··· Exercise data

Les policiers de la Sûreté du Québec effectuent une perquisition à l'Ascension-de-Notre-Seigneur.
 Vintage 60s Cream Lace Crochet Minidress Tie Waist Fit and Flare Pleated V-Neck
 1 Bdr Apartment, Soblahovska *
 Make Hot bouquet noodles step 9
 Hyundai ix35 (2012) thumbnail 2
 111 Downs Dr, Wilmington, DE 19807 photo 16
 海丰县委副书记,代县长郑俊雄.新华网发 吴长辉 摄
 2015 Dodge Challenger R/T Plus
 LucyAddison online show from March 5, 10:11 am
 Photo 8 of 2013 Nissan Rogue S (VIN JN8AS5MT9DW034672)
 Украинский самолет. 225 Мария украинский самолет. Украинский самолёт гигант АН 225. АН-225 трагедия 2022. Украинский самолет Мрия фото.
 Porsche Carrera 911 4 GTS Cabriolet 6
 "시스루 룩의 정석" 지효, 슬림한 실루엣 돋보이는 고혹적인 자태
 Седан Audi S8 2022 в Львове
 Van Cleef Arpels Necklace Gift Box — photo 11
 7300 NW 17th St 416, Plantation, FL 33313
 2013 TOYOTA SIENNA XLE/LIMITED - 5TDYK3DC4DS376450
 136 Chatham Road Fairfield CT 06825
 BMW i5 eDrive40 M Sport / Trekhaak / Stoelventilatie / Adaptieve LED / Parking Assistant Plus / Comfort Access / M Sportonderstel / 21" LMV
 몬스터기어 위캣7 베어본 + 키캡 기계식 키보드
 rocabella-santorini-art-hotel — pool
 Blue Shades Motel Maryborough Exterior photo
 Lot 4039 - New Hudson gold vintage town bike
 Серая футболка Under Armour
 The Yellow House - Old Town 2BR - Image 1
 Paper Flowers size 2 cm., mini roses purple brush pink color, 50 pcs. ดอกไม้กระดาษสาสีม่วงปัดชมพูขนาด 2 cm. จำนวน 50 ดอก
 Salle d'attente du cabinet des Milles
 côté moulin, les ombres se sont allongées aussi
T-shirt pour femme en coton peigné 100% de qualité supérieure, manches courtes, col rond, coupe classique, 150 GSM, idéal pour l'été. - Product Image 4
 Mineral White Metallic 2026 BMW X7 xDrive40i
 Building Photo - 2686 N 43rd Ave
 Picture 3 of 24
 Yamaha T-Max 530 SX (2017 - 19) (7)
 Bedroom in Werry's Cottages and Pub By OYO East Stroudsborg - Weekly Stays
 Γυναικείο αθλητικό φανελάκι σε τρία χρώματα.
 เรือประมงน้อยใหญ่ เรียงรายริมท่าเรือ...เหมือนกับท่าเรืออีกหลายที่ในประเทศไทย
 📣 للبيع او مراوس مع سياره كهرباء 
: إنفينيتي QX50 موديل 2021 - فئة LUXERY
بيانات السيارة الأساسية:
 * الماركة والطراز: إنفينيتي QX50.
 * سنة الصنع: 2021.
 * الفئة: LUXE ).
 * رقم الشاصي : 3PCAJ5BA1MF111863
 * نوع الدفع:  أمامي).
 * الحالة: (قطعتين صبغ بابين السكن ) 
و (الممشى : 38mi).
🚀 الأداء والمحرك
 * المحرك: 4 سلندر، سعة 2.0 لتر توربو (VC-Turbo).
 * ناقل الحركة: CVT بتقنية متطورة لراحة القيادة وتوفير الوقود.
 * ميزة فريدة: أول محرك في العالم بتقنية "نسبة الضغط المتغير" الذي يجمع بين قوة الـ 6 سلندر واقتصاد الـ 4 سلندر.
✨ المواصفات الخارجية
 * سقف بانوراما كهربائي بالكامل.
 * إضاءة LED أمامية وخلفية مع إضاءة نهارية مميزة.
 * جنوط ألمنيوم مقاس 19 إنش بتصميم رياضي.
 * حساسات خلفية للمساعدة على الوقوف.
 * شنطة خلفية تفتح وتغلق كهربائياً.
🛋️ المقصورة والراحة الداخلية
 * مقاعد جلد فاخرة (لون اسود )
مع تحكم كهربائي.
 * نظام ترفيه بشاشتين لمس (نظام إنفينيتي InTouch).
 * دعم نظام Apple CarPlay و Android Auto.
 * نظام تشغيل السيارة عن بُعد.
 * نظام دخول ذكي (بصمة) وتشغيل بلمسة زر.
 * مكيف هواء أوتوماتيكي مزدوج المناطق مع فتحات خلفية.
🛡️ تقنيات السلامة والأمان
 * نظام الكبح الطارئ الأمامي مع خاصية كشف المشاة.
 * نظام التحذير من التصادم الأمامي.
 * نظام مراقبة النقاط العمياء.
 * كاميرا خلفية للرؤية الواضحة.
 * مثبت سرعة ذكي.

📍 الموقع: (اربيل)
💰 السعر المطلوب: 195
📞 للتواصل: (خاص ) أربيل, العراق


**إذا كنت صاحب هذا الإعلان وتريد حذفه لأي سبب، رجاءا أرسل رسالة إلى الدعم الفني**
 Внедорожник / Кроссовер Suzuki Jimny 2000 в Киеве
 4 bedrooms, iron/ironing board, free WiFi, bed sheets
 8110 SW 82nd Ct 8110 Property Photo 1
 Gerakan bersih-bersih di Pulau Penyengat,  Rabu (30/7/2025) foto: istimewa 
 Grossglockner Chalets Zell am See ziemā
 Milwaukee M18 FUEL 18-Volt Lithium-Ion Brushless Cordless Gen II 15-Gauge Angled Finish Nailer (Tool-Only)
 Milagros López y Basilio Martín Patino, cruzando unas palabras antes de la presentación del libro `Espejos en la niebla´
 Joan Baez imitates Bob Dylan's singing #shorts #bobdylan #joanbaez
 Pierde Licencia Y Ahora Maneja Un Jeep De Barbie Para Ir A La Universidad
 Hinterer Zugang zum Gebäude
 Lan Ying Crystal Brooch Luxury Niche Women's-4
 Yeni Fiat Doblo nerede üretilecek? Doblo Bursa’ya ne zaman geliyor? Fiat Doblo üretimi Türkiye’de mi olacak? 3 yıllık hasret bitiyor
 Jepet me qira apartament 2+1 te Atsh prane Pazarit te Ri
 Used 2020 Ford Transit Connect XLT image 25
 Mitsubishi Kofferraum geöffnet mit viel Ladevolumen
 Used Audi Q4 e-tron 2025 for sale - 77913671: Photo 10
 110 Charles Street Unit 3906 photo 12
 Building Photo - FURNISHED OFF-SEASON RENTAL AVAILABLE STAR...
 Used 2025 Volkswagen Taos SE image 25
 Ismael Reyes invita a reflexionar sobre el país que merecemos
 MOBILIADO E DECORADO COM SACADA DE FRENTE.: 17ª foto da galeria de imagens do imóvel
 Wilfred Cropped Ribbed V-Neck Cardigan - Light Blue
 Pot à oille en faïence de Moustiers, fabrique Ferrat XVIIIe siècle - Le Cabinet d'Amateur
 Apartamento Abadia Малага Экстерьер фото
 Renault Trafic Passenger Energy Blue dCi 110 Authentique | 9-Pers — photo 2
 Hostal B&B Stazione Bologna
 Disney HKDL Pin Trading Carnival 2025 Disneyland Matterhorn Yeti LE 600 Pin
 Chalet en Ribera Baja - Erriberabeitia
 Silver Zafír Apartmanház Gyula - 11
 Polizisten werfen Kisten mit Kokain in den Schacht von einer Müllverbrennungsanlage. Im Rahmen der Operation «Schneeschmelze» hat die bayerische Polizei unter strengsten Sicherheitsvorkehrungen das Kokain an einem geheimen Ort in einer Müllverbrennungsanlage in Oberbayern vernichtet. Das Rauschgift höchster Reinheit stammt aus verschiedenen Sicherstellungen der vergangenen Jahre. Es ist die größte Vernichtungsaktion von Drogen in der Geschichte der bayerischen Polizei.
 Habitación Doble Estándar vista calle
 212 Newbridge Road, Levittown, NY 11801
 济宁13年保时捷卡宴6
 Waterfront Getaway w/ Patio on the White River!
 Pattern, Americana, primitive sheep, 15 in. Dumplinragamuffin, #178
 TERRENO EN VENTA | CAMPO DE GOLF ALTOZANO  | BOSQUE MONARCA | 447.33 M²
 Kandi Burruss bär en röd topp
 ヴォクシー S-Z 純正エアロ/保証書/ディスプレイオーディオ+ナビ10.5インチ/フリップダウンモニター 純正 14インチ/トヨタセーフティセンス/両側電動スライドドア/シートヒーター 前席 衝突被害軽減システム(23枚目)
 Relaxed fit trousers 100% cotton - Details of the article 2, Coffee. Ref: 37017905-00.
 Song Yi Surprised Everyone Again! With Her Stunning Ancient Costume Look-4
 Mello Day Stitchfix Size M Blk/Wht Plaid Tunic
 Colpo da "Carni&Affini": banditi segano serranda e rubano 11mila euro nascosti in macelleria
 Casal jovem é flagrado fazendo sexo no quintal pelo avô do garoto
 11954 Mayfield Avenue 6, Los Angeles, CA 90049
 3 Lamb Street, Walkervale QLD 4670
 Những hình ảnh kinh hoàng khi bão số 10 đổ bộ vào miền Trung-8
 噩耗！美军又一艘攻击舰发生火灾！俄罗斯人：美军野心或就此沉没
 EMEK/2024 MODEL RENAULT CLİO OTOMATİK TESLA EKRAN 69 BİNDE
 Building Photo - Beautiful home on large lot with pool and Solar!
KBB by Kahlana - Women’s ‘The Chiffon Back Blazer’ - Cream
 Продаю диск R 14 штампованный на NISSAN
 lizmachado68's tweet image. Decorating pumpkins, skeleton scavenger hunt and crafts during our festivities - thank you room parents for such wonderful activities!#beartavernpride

······

Given the data above, transcribe exactly the lines from the one containing "Habitación Doble Estándar vista calle" down to the one containing "Kandi Burruss bär en röd topp", and no others.

 Habitación Doble Estándar vista calle
 212 Newbridge Road, Levittown, NY 11801
 济宁13年保时捷卡宴6
 Waterfront Getaway w/ Patio on the White River!
 Pattern, Americana, primitive sheep, 15 in. Dumplinragamuffin, #178
 TERRENO EN VENTA | CAMPO DE GOLF ALTOZANO  | BOSQUE MONARCA | 447.33 M²
 Kandi Burruss bär en röd topp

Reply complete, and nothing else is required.